“Books don't offer real escape but they can stop a mind scratching itself raw.”, “If you show someone something you've written you give them a sharpened stake - lie down in your coffin and say -‘When you’re ready’.”, Mapping the Clouds
I have been contacted to put forth a question to David Mitchell in his upcoming interview for Good Reads. My keenness for his tomes is what precipitated this event, and I am sure I am in the company of thousands. There is no definite yay that the question will get through mind you, we shall have to wait and see.
I often find this particular technological age interesting. It is the first century to give us such close contact with those who previously would be out of reach. I refer more to social media here than the interview as it is not a live one, yet live interviews do occur. Writers answer questions from the public on their Twitter feed or blogs daily, or through pod-casts. The walls have come crumbling down in many respects, and along with them some element of awe and mystery. For, and with some.
I await Mr Mitchell’s new book, ‘The Bone Clocks’ which is due out in September, with a hefty splodge of raised anticipation. He has never written a poor tome so far as I am concerned, and of course the Cloud and I have our own reasons for admiring his craft.
He has a fine sense of humour and seems like a kind man.
And that adds a great deal to the matter.

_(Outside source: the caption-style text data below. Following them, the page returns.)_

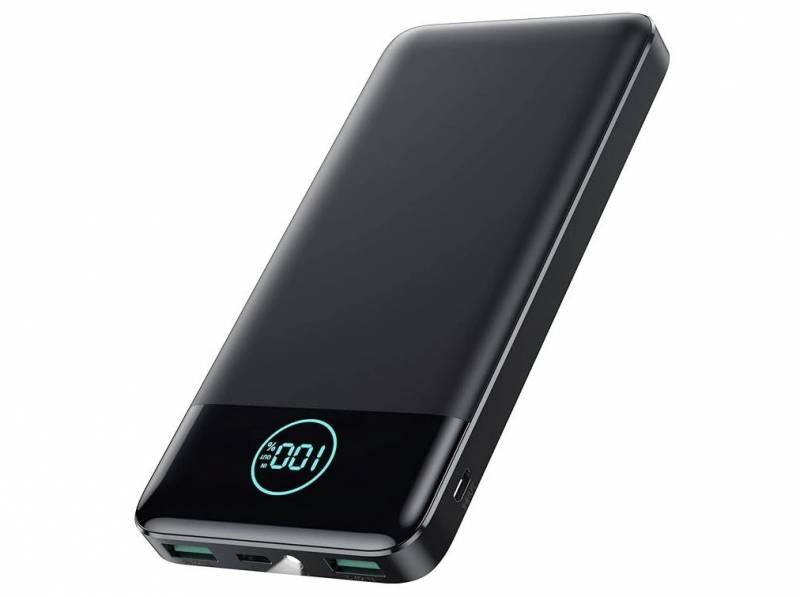 AONIMI HX100K4 Powerbank 13.800 mAh Sort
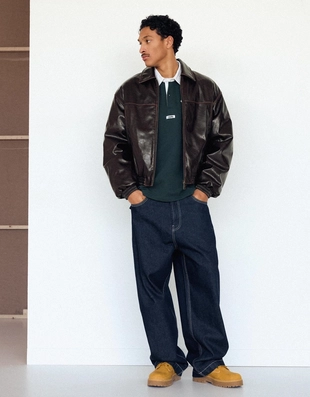 Куртка из искусственной кожи- Заказать в России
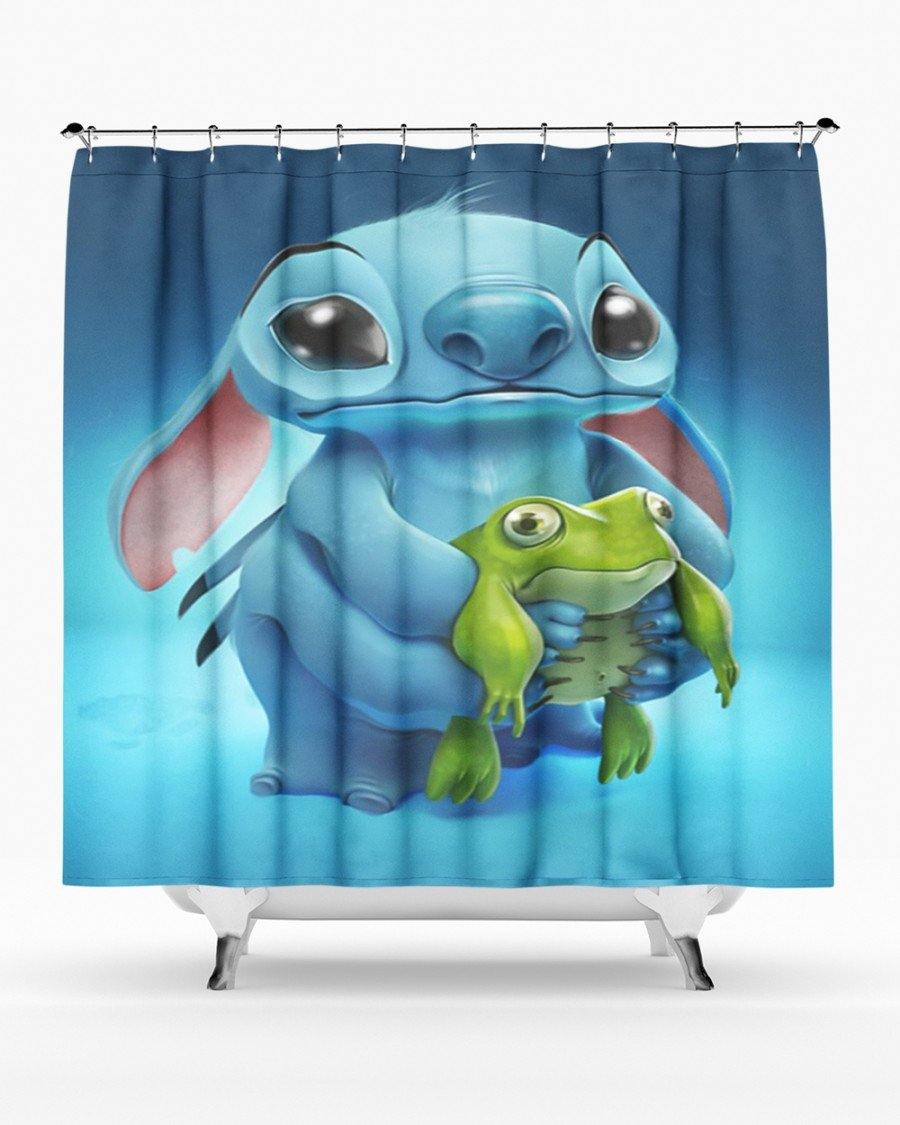 Stitch Shower Curtain（Comes with a set of hooks） - Wongs bedding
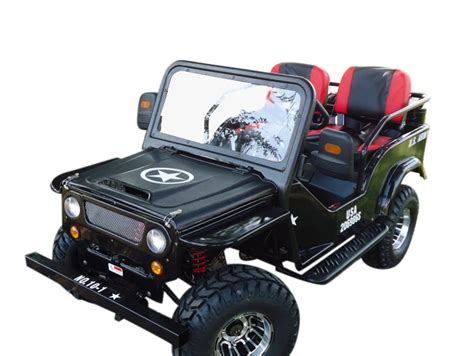 Jeep Go Kart 125cc Gas Engine 3 Speed Reverse Gokarts Usa®
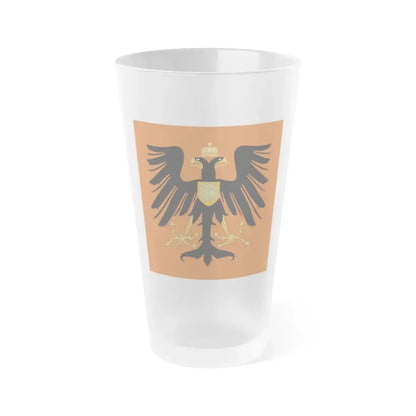 Flag of the Principality of Albania 1915 - Frosted Pint Glass 16oz 16oz Frosted - Go Mug Yourself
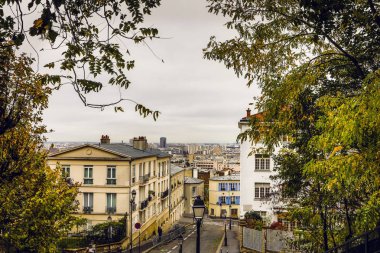 Paris, Fransa Montmartre Üstten Görünüm.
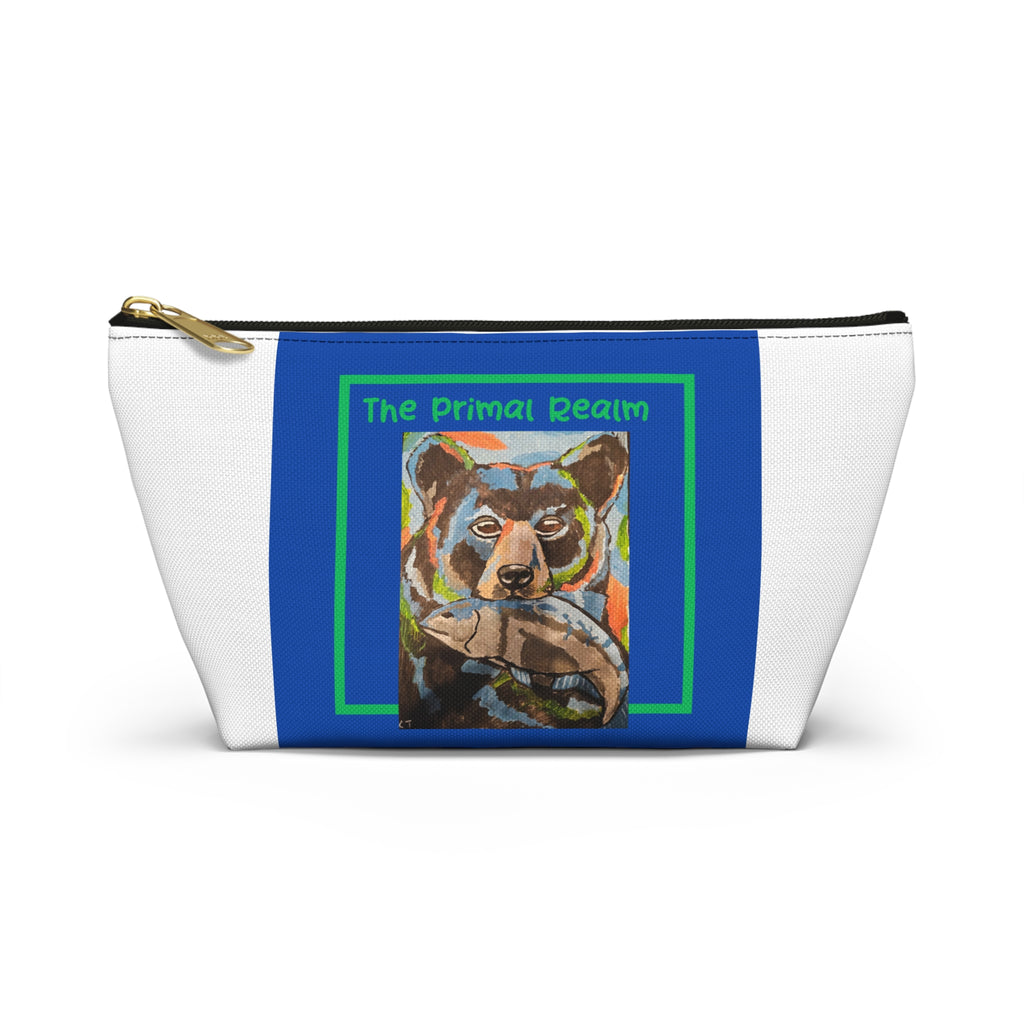 The Primal Realm Bear Accessory Pouch — T‑Bottom Cosmetic Bag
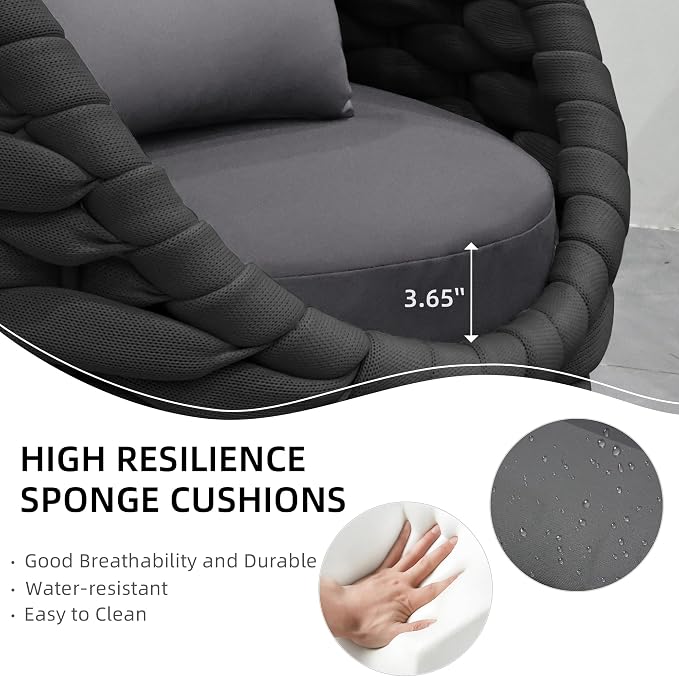 TWT 3 Piece Patio Furniture Set - Image 7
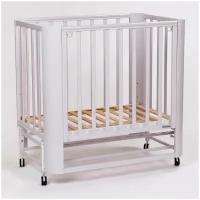 Кровать детская кроватка для новорожденных приставная Mr Sandman SANDEE 90х60 цвет серый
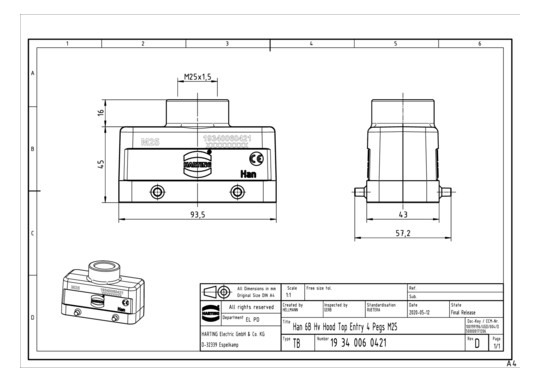 HART Han 6HvE-gg-M25         19340060421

For those who know not his work, I highly recommend you dip a toe in. His writing is refreshing and comfortable at the same time. The first time I began to read Cloud Atlas I could barely put the book down, and when I did,….I just wanted to return to it again. He manages to encapsulate almost all my favourite genres in one go there. How I loved it. And still do. Best of all? I had never heard of him, nor knew anything of the book before I tucked into it. Even the cover had naught to give away. From then on I delved into his other works and have found them to be a roller-coaster of utter delight.